The question is, does this matter to fans? Do they crave unpredictability of outcome as much as we assume? The jury is out, to say the very least. For all the talk about the gap between the best and the rest growing too wide, the evidence suggests that many TV viewers do not really care.
The respected academics Babatunde Buraimo and Rob Simmons have noted that until 2004 British TV viewers prized uncertainty in Premier League matches over everything else. However, since then, they argue, audiences have developed a preference for games involving high-level players most of all – and, crucially, that it does not matter how that talent is distributed across the two sides. In other words, more people would prefer to see a Manchester City – with their multiple superstars – facing a Watford than two teams with slightly less overall talent playing what should in theory be a closer game.
Buraimo’s and Simmons’ analysis, which was based on viewing figures for almost every Premier League game shown on TV between 2001 and 2008 as well as enormous amounts of other data, including each club’s wage bill, ends with an emphatic conclusion. “The classic notion of a pure sporting contest in which the outcome is unpredictable has been replaced with one in which the preference is for sporting entertainment delivered by superstars,” they wrote. “The unpredictability of the outcome no longer matters for television.”
More recently, academics who examined TV viewing figures for Serie A matches between 2008 and 2015 found a similar story in Italian football.
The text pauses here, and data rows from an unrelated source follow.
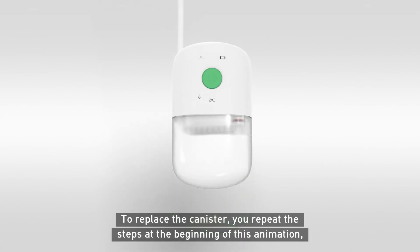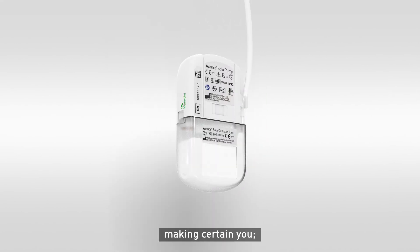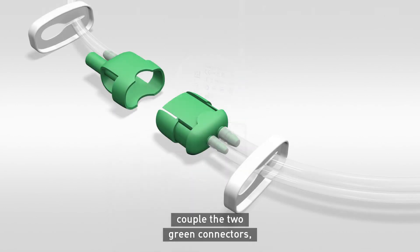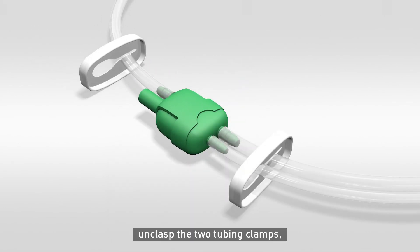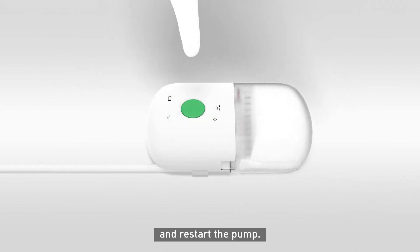To replace the canister, repeat the steps at the beginning of this animation, making sure you secure the tubing in the pinch clamp at the back of the pump, couple the two green connectors, unclasp the two tubing clamps, and restart the pump.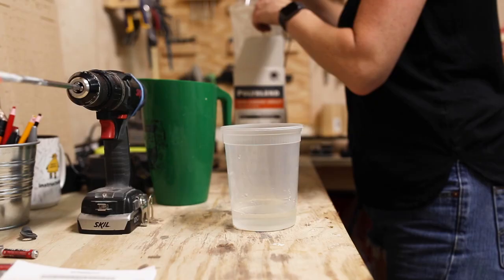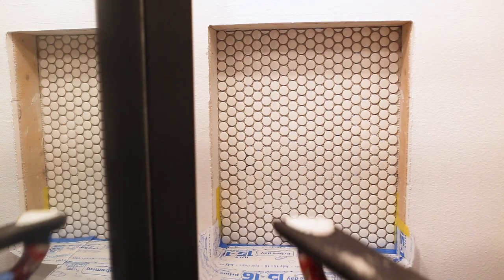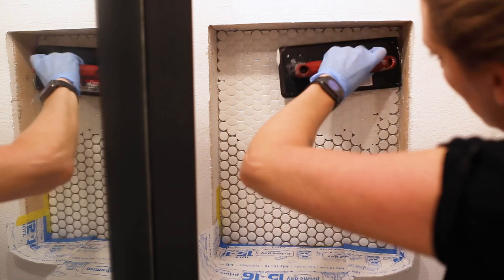Back at the tile, the last step of the build was to add grout. I mixed up a small amount of white grout until it resembled a smooth cake batter. Then with a rubber float, I worked the grout into the seams between the tiles, holding my float at a 45 degree angle. I let it sit for a few minutes, then came back with a clean wet sponge and wiped away the excess, being real careful not to wipe the grout out of the joints.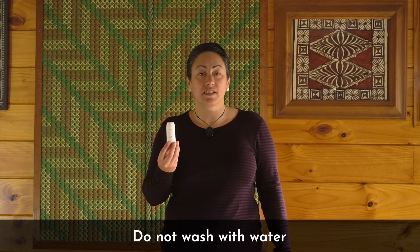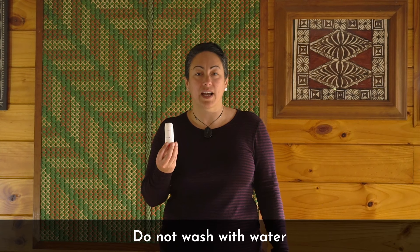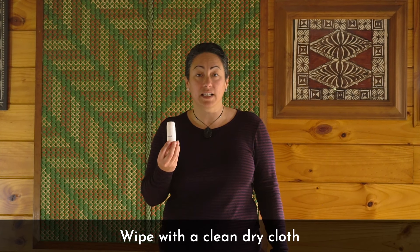Do not wash this device in water as it will damage the inhaler. If it needs a clean, clean it with a clean dry cloth, especially around the mouthpiece.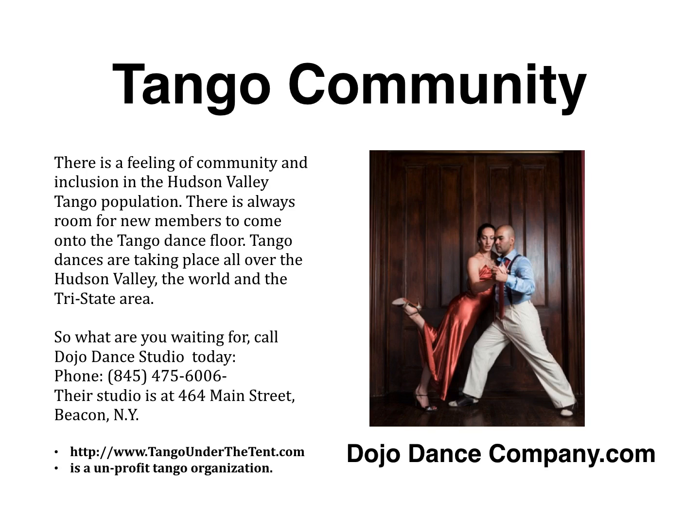The tango community: there's a vibrant community and inclusion in the Hudson Valley tango population, and there's always room for new members on the tango floor. Tango dances are taking place all over the Hudson Valley, the world, and the tri-state area. So what are you waiting for? Call Dojo Dance Studio today — their main studio is at 464 Main Street, Beacon, phone 475-6006, or visit danjodancecompany.com. We also recommend a not-for-profit tango organization called Tango Under the Tent in Sugarloaf, New York; their website is tangounderthetent.com. Wonderful group of people.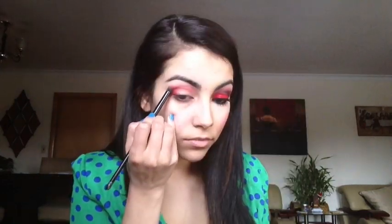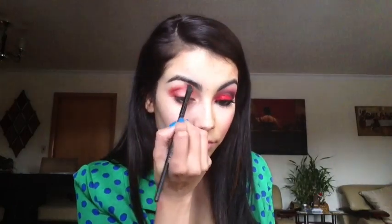I then grabbed this Don't Blending Brush by Elf and this Makeup Forever Orange Shadow in number 18, and I kind of just dabbed it around the red shadow just to help blend a little bit into my highlight.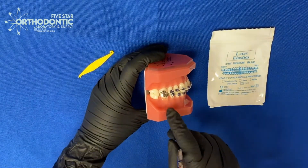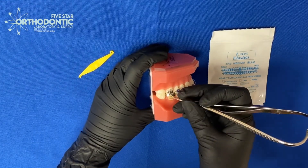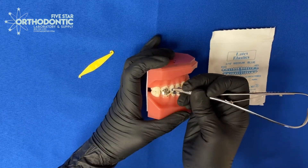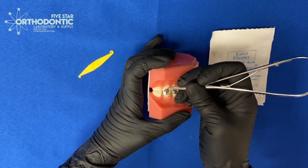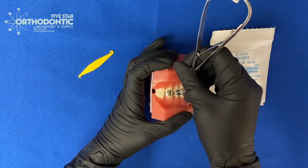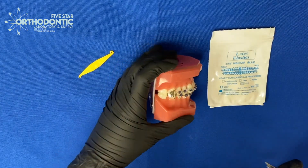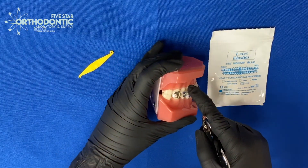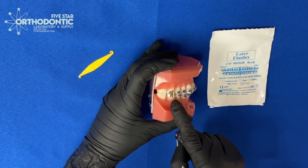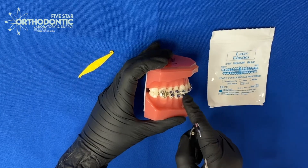Say for instance we were trying to bring up this lower six — we would attach our elastic to the lower six and connect it to the upper five and upper six. That way we've got two teeth on the top exerting force on this single tooth on the lower arch. And remember, we're going to want to go with a heavier arch wire on the top and use something lighter on the bottom.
Again an abundance of star players mattered more than uncertainty of outcome, with the authors pointing out that “the TV demand does not increase when the match outcome is predicted to be very close”.
The academics also dismiss suggestions that attempting to make Serie A more equal would increase TV audiences. “The results seem to suggest that both committed and uncommitted fans are not likely to demand more soccer in the presence of a greater competitive balance,” they wrote. “Therefore, the attempt to make the league more appealing through the introduction of mechanisms aimed to enhance or preserve the balance of each single game, like in the north American professional leagues, may be unsuccessful.”
So what might explain this change in attitudes? It might partly be generational. Buraimo tells me that he and his colleagues are working on modelling TV audiences for football by different groups (such as sex, age, and socio-economic status), to dig deeper. The early signs are that older viewers have a preference for uncertainty of outcome but for younger viewers unpredictability does not influence viewing behaviour.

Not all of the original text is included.